Sprint Corp. again has embraced simplicity with changes to its Virgin Mobile pre-paid phone service offered through Wal-Mart stores.
On Saturday, Virgin began offering shared-data plans with no service contract through Wal-Mart. The plan comes with unlimited voice minutes and texts and offers various data packages at different prices.
Two lines sharing 4 gigabytes of data cost $65 a month; three lines sharing 8 gigabytes of data cost $90; and four lines sharing 12 gigabytes of data cost $115 a month.
Pre-paid customers, including Virgin customers who use the Sprint network, traditionally buy wireless service month-to-month by paying in advance. Sprint said its offering is the first shared-data plan for pre-paid consumers without a contract.
Jayne Wallace, a Sprint spokeswoman, said the offer was an evolved version of the Virgin Mobile Custom plan offered through Wal-Mart beginning last July. It allowed a family to buy and share pools of minutes, texts and data.
Custom customers also easily could add or reduce how much of each feature they were buying during the month. Reductions in minutes, texts or data gave them credit on their next month’s bill. Increases had to be paid for immediately with an established credit card on the account.
Wallace said technically the custom plan involved sharing data.

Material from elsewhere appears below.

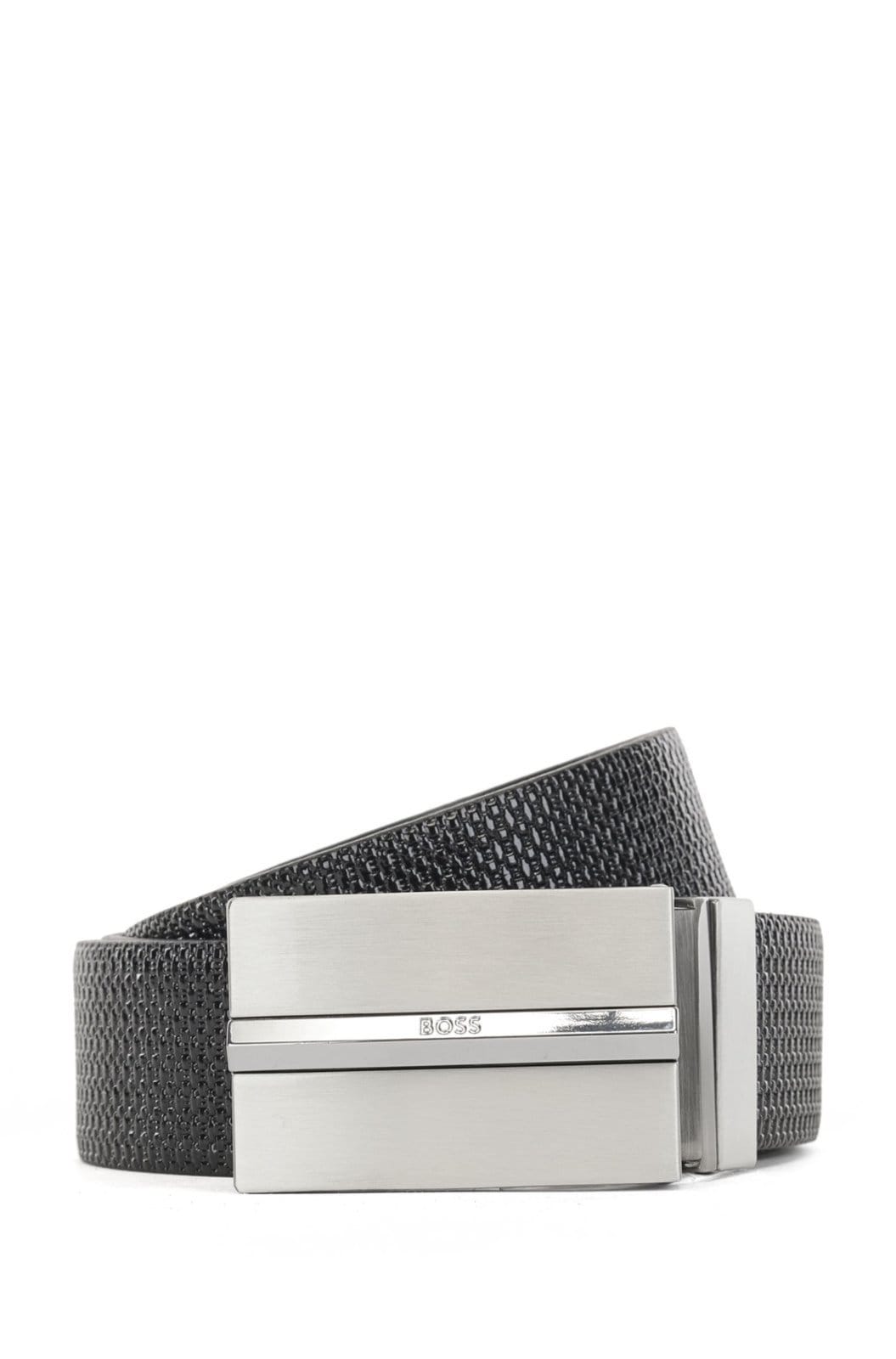 Cinto Reversível Em Couro Italiano Com Fivelas De Pino E Placa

The distinction is that data is the only part of the new offering that the lines share, as voice minutes and text are unlimited for all lines on the account.
Virgin is moving to the new offering because the custom plan proved too complex for customers. Wallace said they preferred knowing how much they’d spend and what service they’d receive.
Complexity similarly spelled the end of Sprint’s Framily plan last summer, just days into the term of CEO Marcelo Claure. Claure succeeded long-time CEO Dan Hesse on Aug. 11 and quickly pulled the plug on Framily, which gave customers discounts for bringing new customers to Sprint.
Sprint switched to a shared-data family plan for its most valuable customers, referred to in the industry as post-paid subscribers because they tend to be higher credit risks and traditionally bought service through two-year contracts.